We discussed the wedding and then got lost in the much more exciting honeymoon plans, pouring over maps of Spain, the selected destination. Sita downloaded Spanish language flashcards that would help them ask for directions (if spoken slow enough).

And then it was time to drive back home and start dealing again with all the things that need to be done before we leave again. We had been able to hold these at bay until then. So it was a very good day.

Body and mind

Letting go and easy breathing needed some help yesterday – it is as if my mind is still in Afghanistan and my body was not getting the right signals. So I eased into bodywork with a pedicure, accompanied by Tessa at the Vietnamese nail place in Beverly. It was nice but not enough.

We then stepped things up with an acupuncture tune-up, highly recommended by Tessa. What convinced us to go there was that Tessa’s Steve had subjected himself to the treatment and was happy with the results. For him to have any body work done that isn’t surgical or dictated by a (real) doctor, is rather extraordinary. It was probably the best recommendation we could get.

And so we presented ourselves at 3 PM to Bill who looks like he just graduated from college. He worked on us in two adjacent rooms, sticking what felt like a thousand needles everywhere.

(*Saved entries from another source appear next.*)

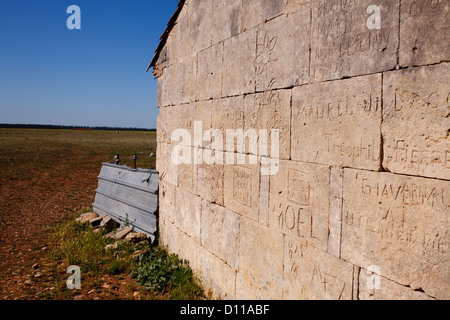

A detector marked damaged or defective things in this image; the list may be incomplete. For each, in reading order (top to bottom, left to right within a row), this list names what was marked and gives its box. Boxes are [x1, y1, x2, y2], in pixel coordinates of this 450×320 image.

rusty metal panel [92, 164, 159, 241]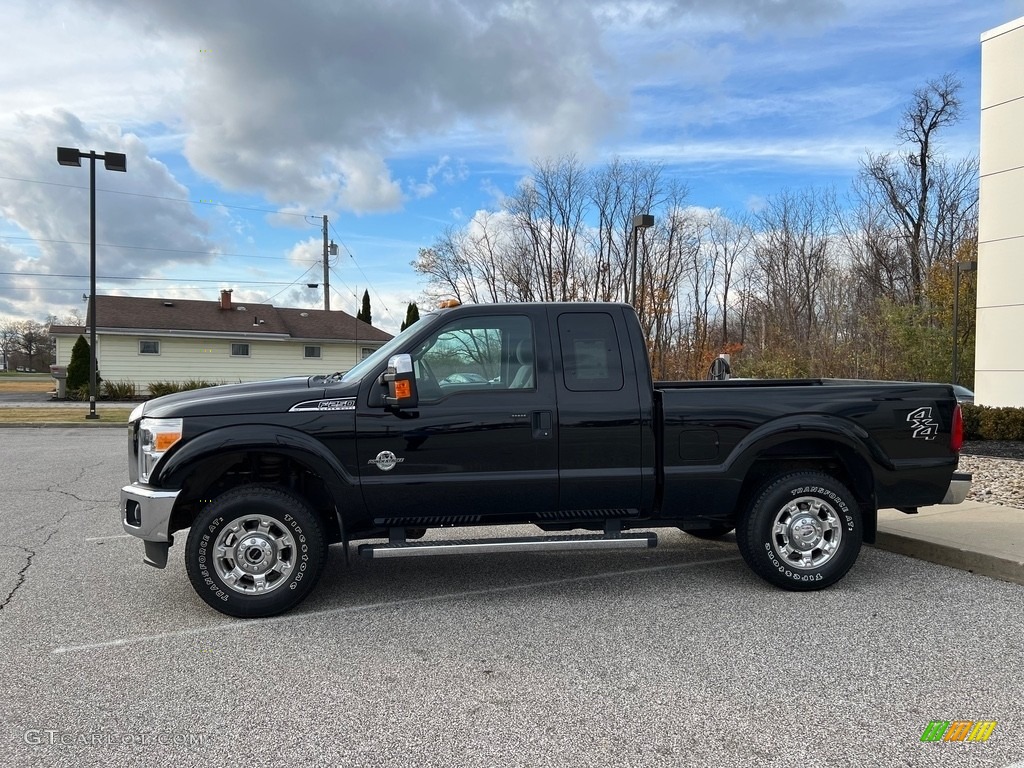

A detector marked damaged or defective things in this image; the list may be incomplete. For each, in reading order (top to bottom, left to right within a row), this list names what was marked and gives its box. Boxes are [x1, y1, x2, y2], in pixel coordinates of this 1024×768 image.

pavement crack [0, 548, 35, 614]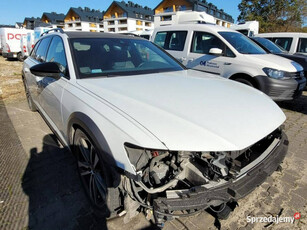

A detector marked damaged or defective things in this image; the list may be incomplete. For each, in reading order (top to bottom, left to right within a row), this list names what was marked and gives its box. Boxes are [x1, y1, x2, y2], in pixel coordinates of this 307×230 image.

damaged white car [22, 29, 290, 228]
crumpled front bumper [153, 131, 288, 217]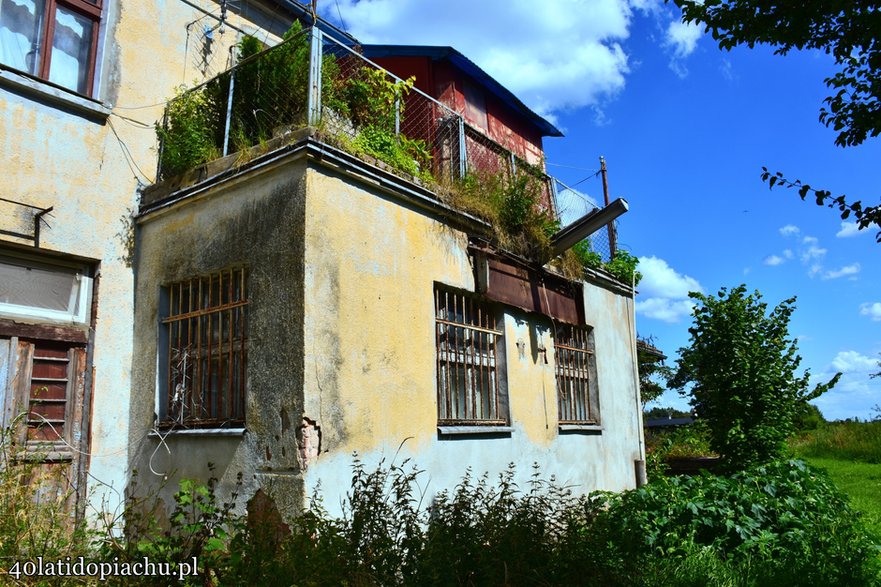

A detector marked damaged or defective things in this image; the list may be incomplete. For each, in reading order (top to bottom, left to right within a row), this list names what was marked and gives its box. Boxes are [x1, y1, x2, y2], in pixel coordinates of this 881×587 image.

peeling plaster wall [0, 0, 286, 516]
rusty window grille [162, 268, 248, 428]
peeling plaster wall [130, 157, 310, 520]
rusty window grille [432, 288, 502, 424]
peeling plaster wall [300, 163, 640, 516]
rusted metal sheet [474, 250, 584, 326]
rusty window grille [552, 324, 600, 424]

That he knows his stuff was clear right away. Without knowing us he read our bodies like an open book. That too was comforting. He ended both our treatments with something that looked and felt like scraping our skins (my back, Axel’s arm that was damaged in the accident) with a Chinese soup spoon. I thought he was scraping my skin off. It was rather painful but felt wonderful afterwards.

Now, more than 12 hours later, Axel’s arm looks like he was in an accident again but his fingers feel better than ever, without the tingling and tightness in his arm. My back is all blotchy red; it looks like I have been severely beaten. I wouldn’t dare to show it in public. But I too feel that much of the tension I carry there has been scraped away. We felt so good afterwards that we made another appointment.

Back home we plucked asparagus out of our garden and cooked the traditional Dutch/Belgian asparagus meal with ham (yeah!) and eggs and new potatoes, drenched in much butter.

This morning I explored what is available on iTunes university related to learning Persian (a lot) and lectures from Ivy League universities (a lot). One can even listen to all the major commencement addresses. I downloaded the entire Betty Crocker cookbook, including coupons, on my i-Touch, all that for free. What a wonderful world we live in!